Table of Contents
- 1 What is underlying replacement cost profit?
- 2 What is an underlying profit?
- 3 How do you calculate underlying profit?
- 4 What is an underlying basis?
- 5 How do you calculate replacement cost of fixed assets?
- 6 What means replacement cost?
- 7 Should replacement cost profit be the same as LIFO profit?
- 8 Why do oil companies disclose replacement cost profit?
What is underlying replacement cost profit?
The replacement cost profit or loss for the period is arrived at by excluding from profit or loss inventory holding gains and losses and their associated tax effect. Underlying replacement cost profit is replacement cost profit or loss adjusted for non-operating items and fair value accounting effects.
What is an underlying profit?
Underlying profit is the measure used internally to evaluate performance, to establish strategic goals and to allocate resources. In most years it is based on EBITDA (earnings before interest, tax, depreciation and amortisation).
How do you calculate replacement costs?
It is computed as the sum of future investment returns discounted at a certain rate of return expectation. read more of the asset, followed by its useful life.
What is replacement cost in accounting?
The replacement cost is an amount that a company pays to replace an essential asset that is priced at the same or equal value. Companies look at the net present value and depreciation costs when deciding which assets need to be replaced and whether the cost is worth the expense.
How do you calculate underlying profit?
This is calculated by subtracting all dollar costs from revenue, the same calculation used to determine how much income tax to pay. Often, companies will choose to supplement this figure with their own calculation. Underlying profit is designed to offer a more useful indicator of performance on a year-by-year basis.
What is an underlying basis?
adjective [ADJECTIVE noun] The underlying features of an object, event, or situation are not obvious, and it may be difficult to discover or reveal them.

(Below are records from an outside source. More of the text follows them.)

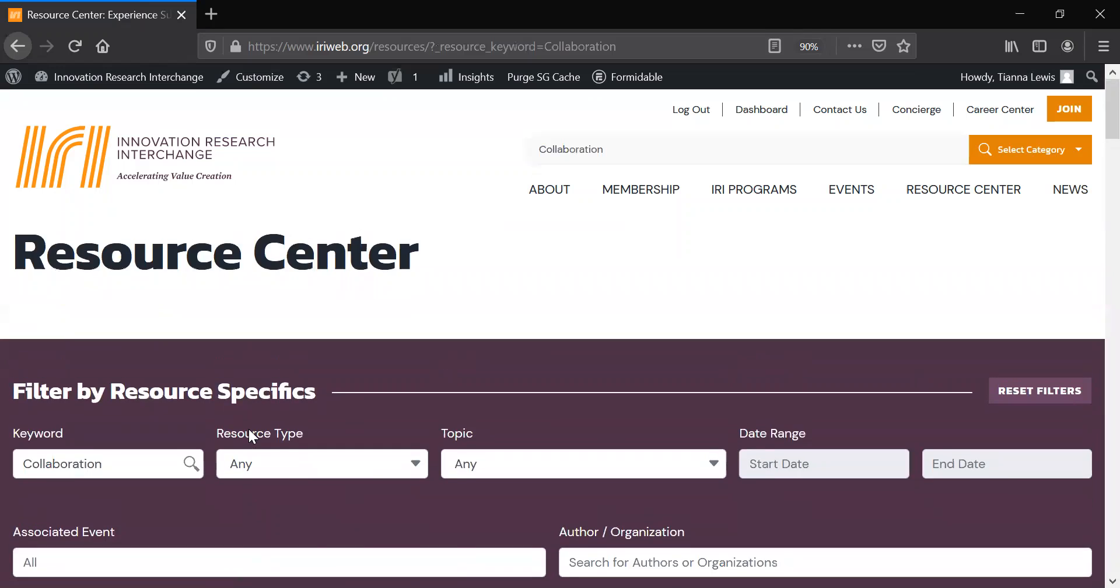If you would like to view resources that relate to you and focus on your preferences, a great tool to use is the newly designed member dashboard.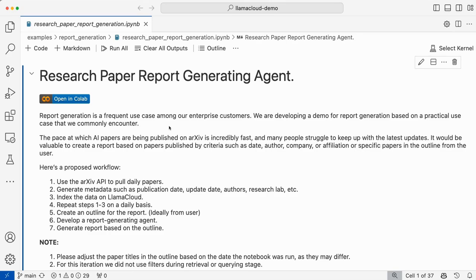Hey everyone, Ravi here from Llama Index. In this video I'll be giving a walkthrough of a research paper report generating agent.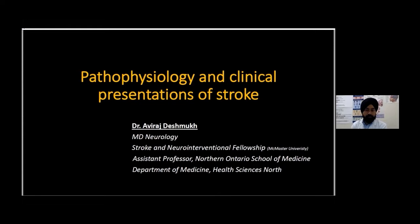Hello, my name is Ravindar Jiaseem, and I'm a Stroke Neurologist at Health Sciences North. I'm a Regional Director at the North Eastern Ontario Stroke Network, and I'm very pleased to introduce our next speaker, who is my colleague, Dr. Nagraj Deshmukh, here at HSN. Dr. Deshmukh is a Stroke and Interventional Neurologist working at Health Sciences North in Sudbury since August 2021.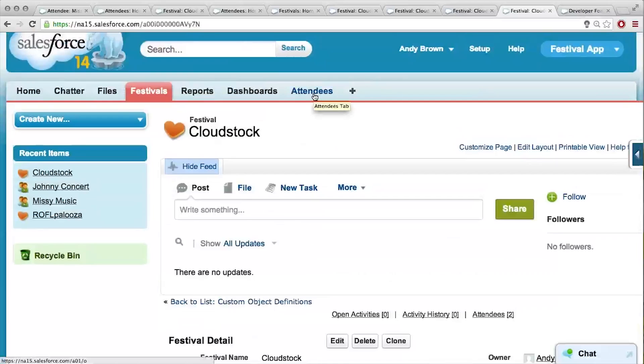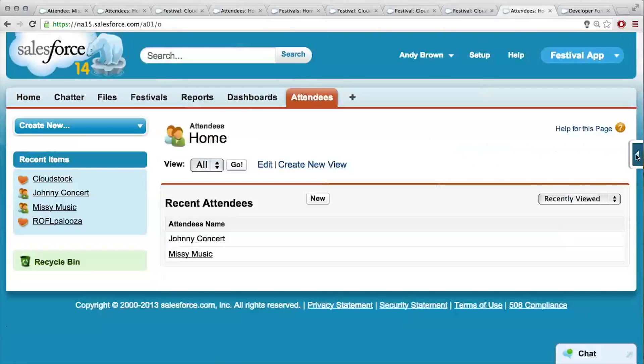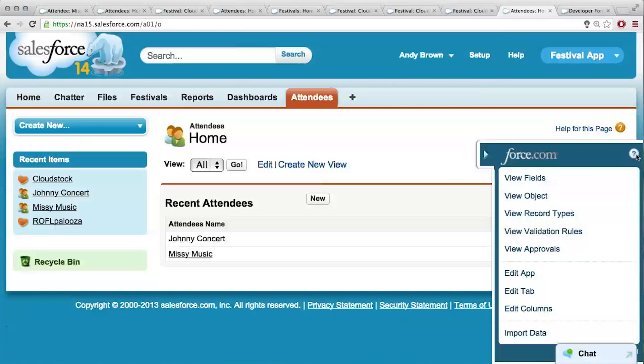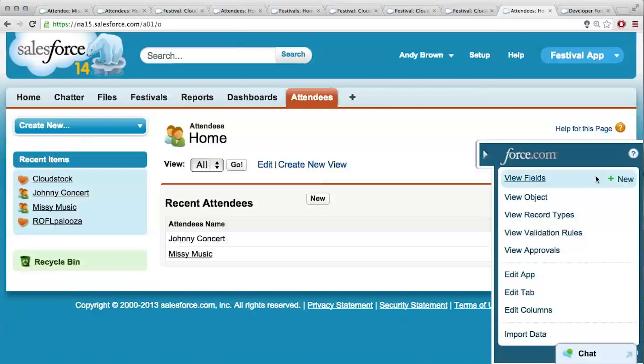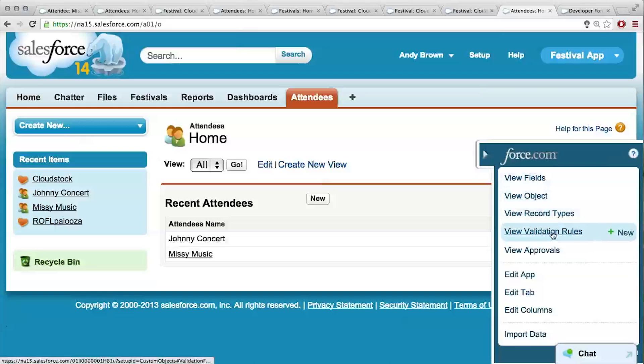Let me try and do this. This is on Attendees, because we don't want the attendee to buy more than eight tickets. I'm going to click my little friend on the right — a few validation rules, add one. Let me give this a shot and tell me if I make any mistakes.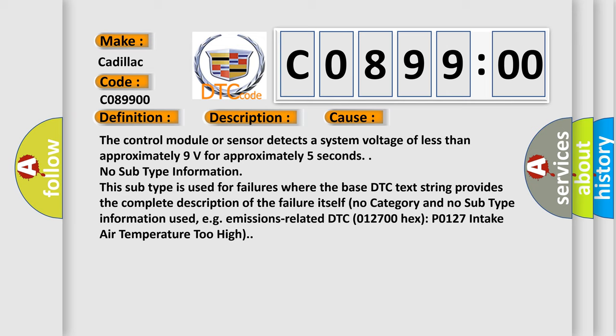For example, emissions-related DTC 012700HX P0127 intake air temperature too high.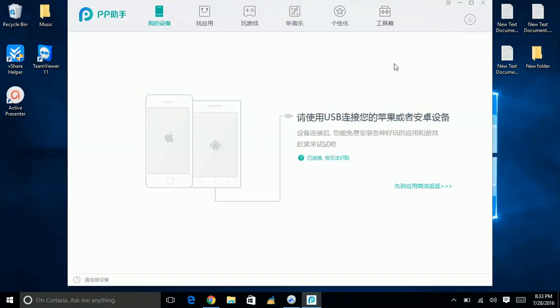Once you click it, it will ask you for your Apple ID. All you need to do is put in your Apple ID and wait. Some people have got very upset and say it's not working — you need to wait for at least 10 minutes. Sometimes it can take really long. My phone took almost 15 minutes to jailbreak.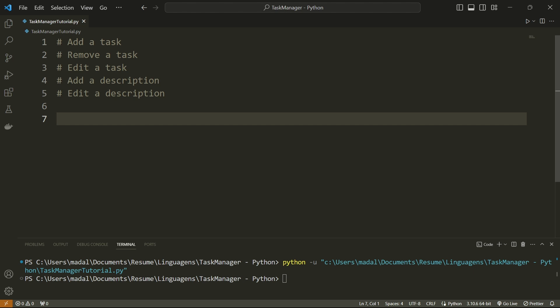Hello everyone and welcome. In this video, I'm going to walk you through a beginner Python project that's going to help you get the basics of Python down. It's going to consist of a task manager that allows you to add tasks, remove them, edit them, as well as adding descriptions for the tasks and editing those descriptions. You should know at least a little bit of Python, and this is going to run on your terminal, so you just need Python installed on your computer. So let's get started.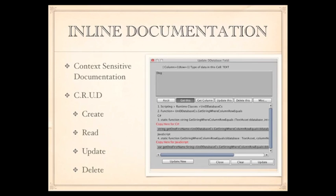You're going to be able to create, read, update, and delete, and several other operations.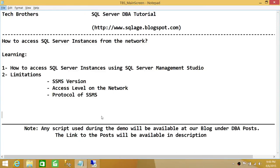Welcome to Tech Brothers. In this video, we're going to learn how to access SQL Server instances from the network.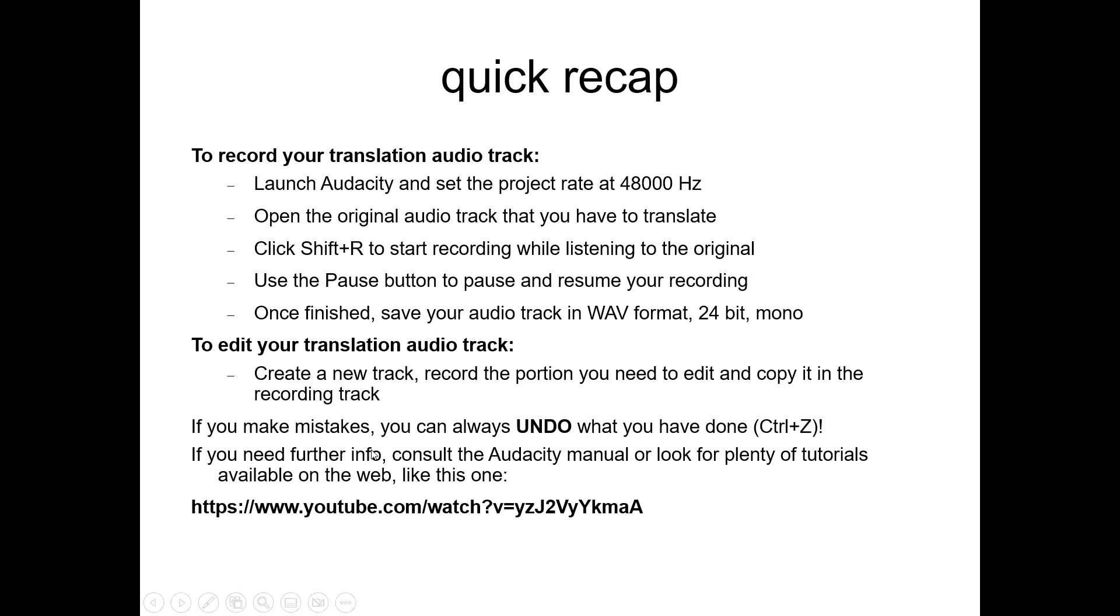For further information, you can consult the Audacity manual or look for tutorials. There are very many on the web like this one. Thank you.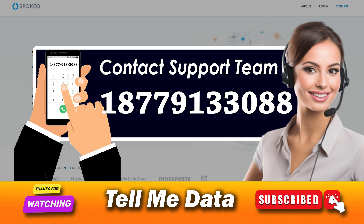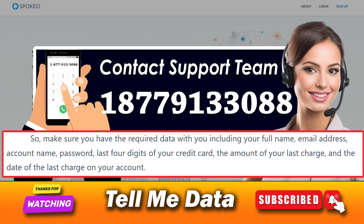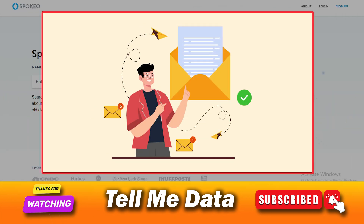Some details related to your personal and account information will be asked by the agent. Make sure you have the required data with you, including your full name, email address, account name, password, last four digits of your credit card, the amount of your last charge, and the date of the last charge on your account. Make sure you ask the agent to provide a confirmation email so that the cancellation of your Spokio account can be verified. And you are done.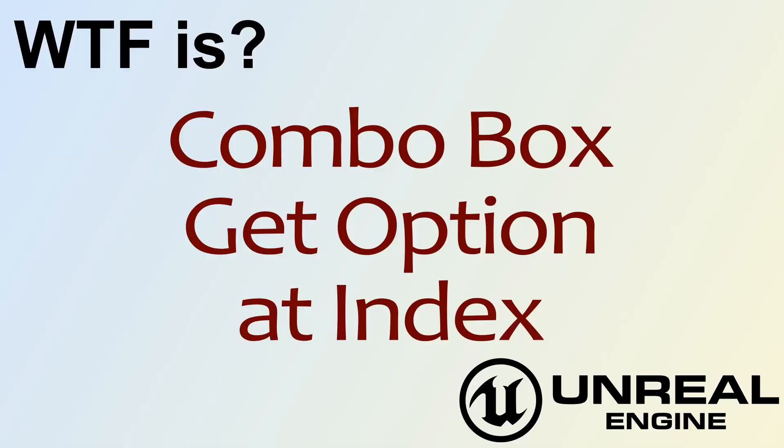Hello, and welcome to the video for what is the combo box get option at index node.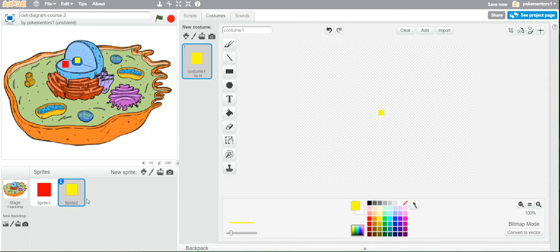That is all for this lesson. Simply duplicate these sprites and place them on all the pieces you want to label, and we'll be writing the code in the next lesson.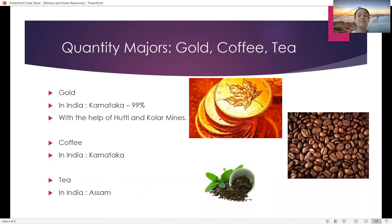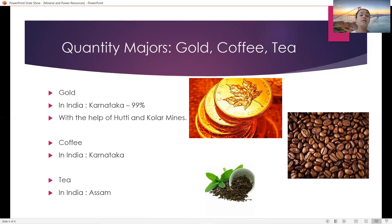Quantity measures for gold, coffee and tea. Karnataka is famous for gold as it produces 99% in India with the help of Huti and Kolar mines situated in Karnataka. For coffee also, it's Karnataka, and tea is famous for Assam.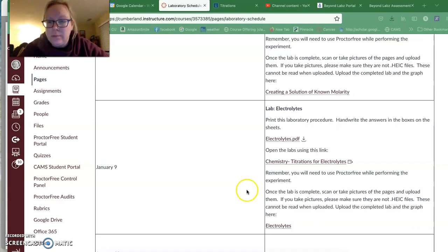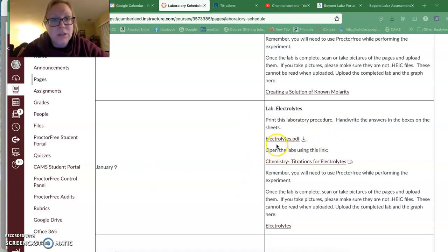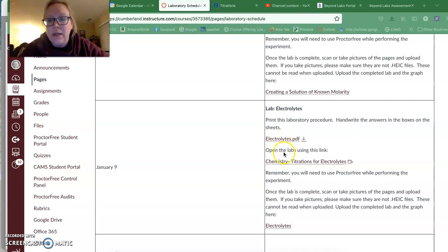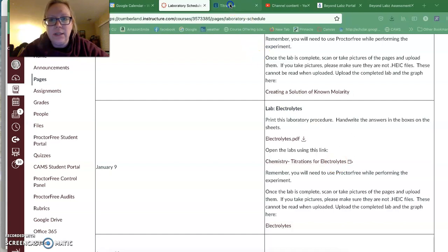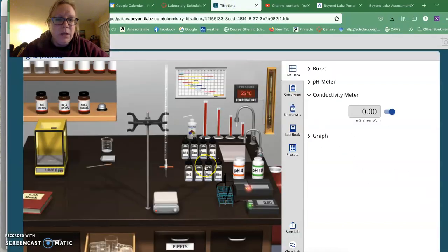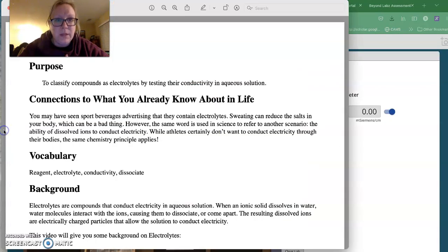So here is on Canvas, our front page. There's a link to our electrolytes, and then you're going to open up this chemistry titrations for electrolytes. It's a titration window that you have seen before.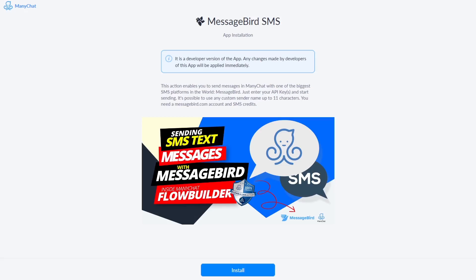In this video I'm going to show you how you can send text SMS messages with MessageBird. It's one of the biggest SMS platforms, at least here in Europe, and you can send messages worldwide if you have the account for it. So without further ado let's go ahead and install this.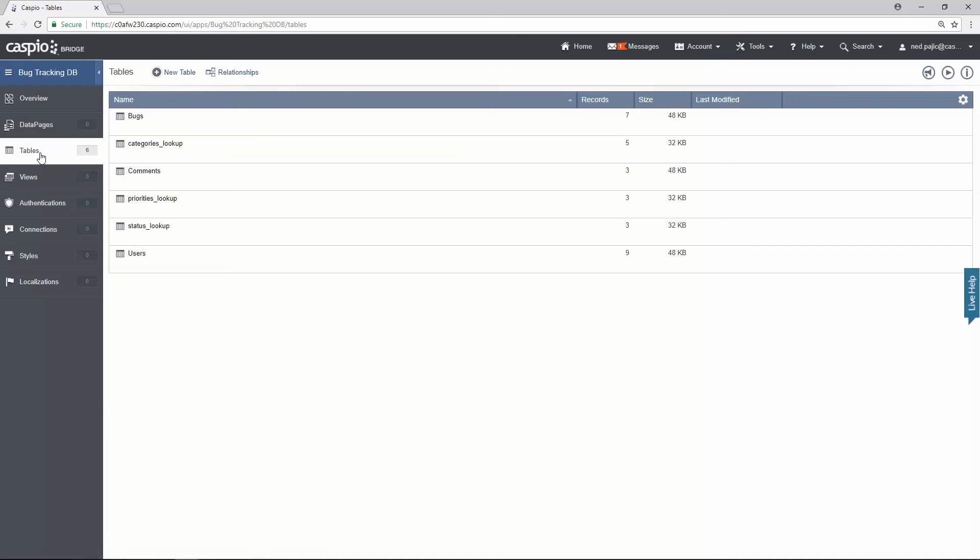Now I could have also created these tables in Access too and imported the tables. But I wanted to show you how in Caspio we can also build tables very quickly. So whatever preference you have - you can either build all your tables in Access or Excel and then import the files into Caspio, or you can just build your tables directly inside Caspio.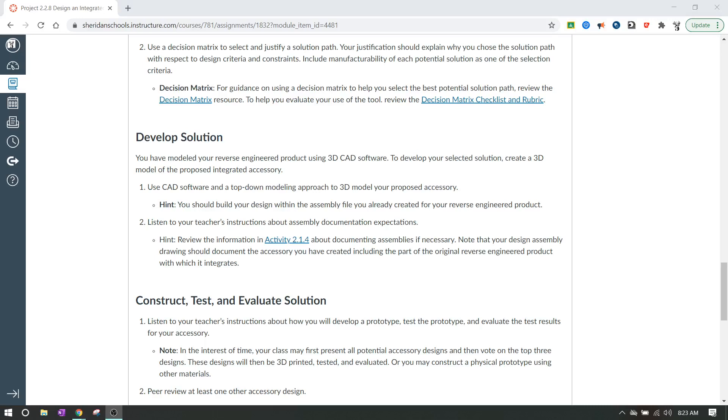Hello IED, we're talking about project 2.2.8 and we're on the develop a solution section. Previously we generated concepts, and after you found out which idea you wanted to go with, then you should go for developing the solution.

What is underlying in accounting?
In finance, the underlying of a derivative is an asset, basket of assets, index, or even another derivative, such that the cash flows of the (former) derivative depend on the value of this underlying. An underlying may be a price or rate of an asset or liability but is not the asset or liability.
What is replacement basis?
Normally, expenditure which is allowed on replacement basis is the expenditure on the replacement of small items in terms of size and price.
How do you calculate replacement cost of fixed assets?
What is replacement of asset value?
- First, add together all maintenance-related costs performed on a specific asset over the course of a year.
- Next, multiply that number by 100.
- Finally, divide the product from the first two steps by the total cost to replace said asset.
What means replacement cost?
Replacement costs are the cash outlay that the business has to pay to replace an old asset at the existing market price. The price charged to replace the old asset with the new one having the same value is the replacement cost.
What is an example of replacement cost?
Replacement Costs Example If a company bought a machine for $1,000 five years ago, and the value of the asset today, less depreciation, is $300 dollars, then the book value of the asset is $300. However, the cost to replace that machine at current market prices may be $1,500.
What is replacement cost in economics?
Replacement cost. The use of replacement cost for valuing stock eliminates the effect of profits or losses made by carrying stocks.
Should replacement cost profit be the same as LIFO profit?
If inventory levels have not changed, then replacement cost profit should be the same as profit calculated using LIFO costs. If stock levels have changed LIFO based and replacement cost profits will be different. Unless price movements have been extreme or the change in stock levels very large the difference is unlikely to be material.
Why do oil companies disclose replacement cost profit?
Oil companies often disclose replacement cost profit. This is because the oil price is so volatile, they hold large stocks, and the amount stocked also varies significantly from one reporting period to period. If inventory levels have not changed, then replacement cost profit should be the same as profit calculated using LIFO costs.
How is replacement cost valued for stock?
The use of replacement cost for valuing stock eliminates the effect of profits or losses made by carrying stocks. Supplies are valued at current cost, which is usually the average price over the period. Replacement cost, FIFO, LIFO and average cost are all consistent with the accrual principle, but they differ in how the costs accrue.